FIG. 1 is a partial perspective view showing a conventional reflective PDP, and FIG. 2 is a cross-sectional view showing an internal structure of the reflective PDP of FIG. 1. In FIG. 2, a rear substrate is shown rotated by 90° to clearly show the PDP's internal structure.
Referring to FIG. 1 and FIG. 2, a front substrate 10 and a rear substrate 20 are disposed facing each other, and a plurality of barrier ribs 24 may be formed on the rear substrate 20 to maintain a predetermined distance between the substrates. Accordingly, discharge spaces 28 surrounded by the front substrate 10, the rear substrate 20, and the barrier ribs 24 are formed.
A plurality of sustaining electrode pairs 11a and 11b, which cause surface discharges, may be formed on an inner surface of the front substrate 10. The sustaining electrode pairs 11a and 11b may be formed of a transparent conductive material, such as indium tin oxide (ITO), so that visible light may transmit through the front substrate 10. Also, narrow bus electrode pairs 12a and 12b may be formed on the sustaining electrode pairs 11a and 11b, respectively, to enhance the conductivity of the sustaining electrode pairs 11a and 11b. The bus electrode pairs 12a and 12b may be formed of a metal such as Ag, Al, or Cu.
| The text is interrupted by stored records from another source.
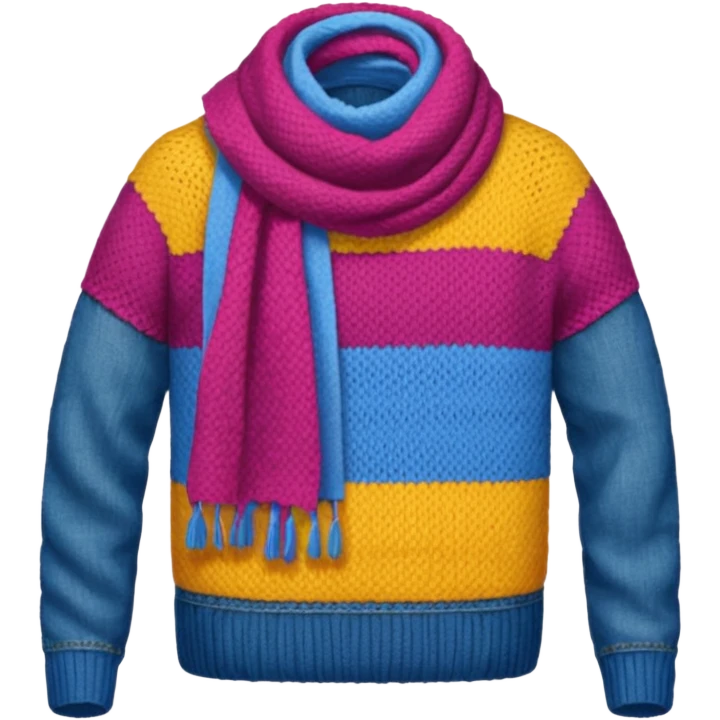 Ropa emoji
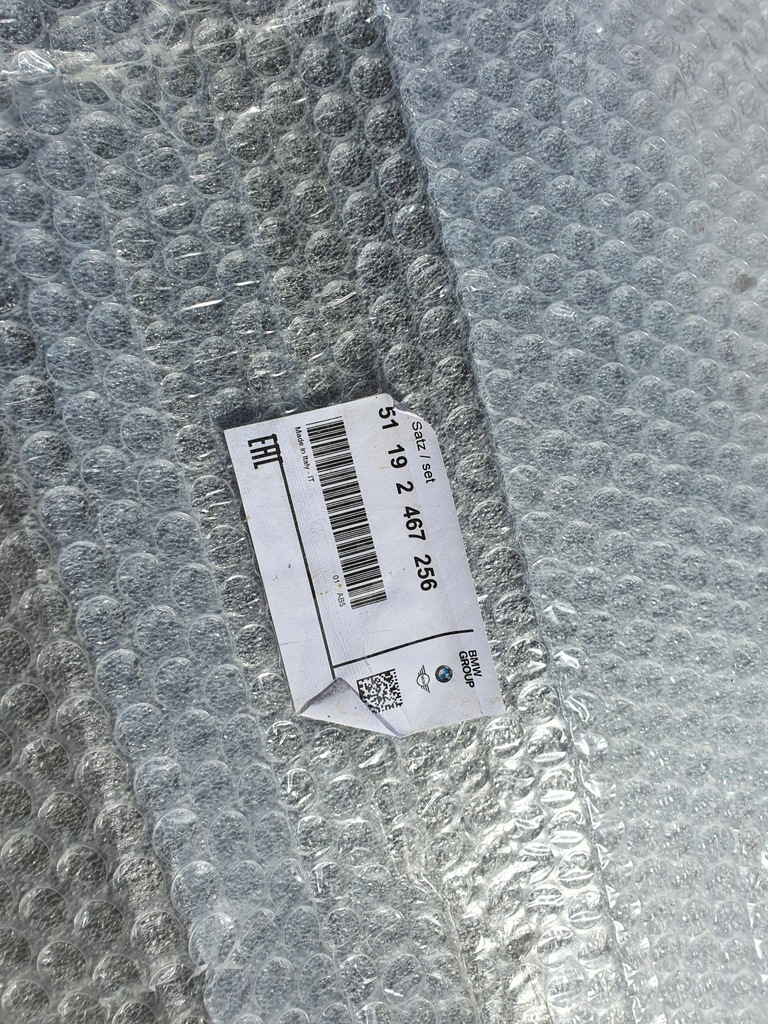 фото №10, Диффузор карбон 51192467256 bmw 1 f40 m performance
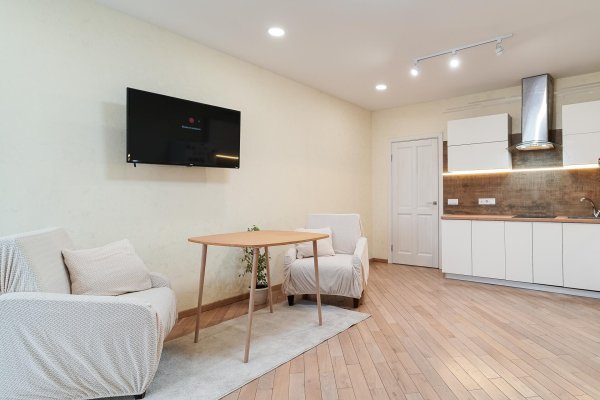 1-комнатная квартира по адресу Макаенка ул., д. 12 к. Г - фото 12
A first dielectric layer 13 may cover the sustaining electrode pairs 11a and 11b and the bus electrode pairs 12a and 12b, and a protection layer 14 may cover the first dielectric layer 13.
A plurality of address electrodes 21 may be formed on an inner surface of the rear substrate 20 in a direction substantially perpendicular to the sustaining electrode pairs 11a and 11b, and a second dielectric layer 23 may cover the address electrodes 21. The barrier ribs 24 have a predetermined height, and they are formed in parallel to each other and are separated by a predetermined distance from each other. Fluorescent layers 25 may be formed on side surfaces of the barrier ribs 24 and on the second dielectric layer 23 in each discharge cell.
However, the conventional PDP having the above structure may have the following problems.
First, a larger substrate should be manufactured to increase the PDP's size. However, a large scale production facility may be needed to manufacture a large rear substrate, thereby increasing manufacturing costs. Also, a high defect rate may cause a low yield.
Second, heat generated during plasma discharge may deteriorate the PDP's operating characteristics and life span. Therefore, it is desirable that a PDP efficiently dissipates heat generated during plasma discharge.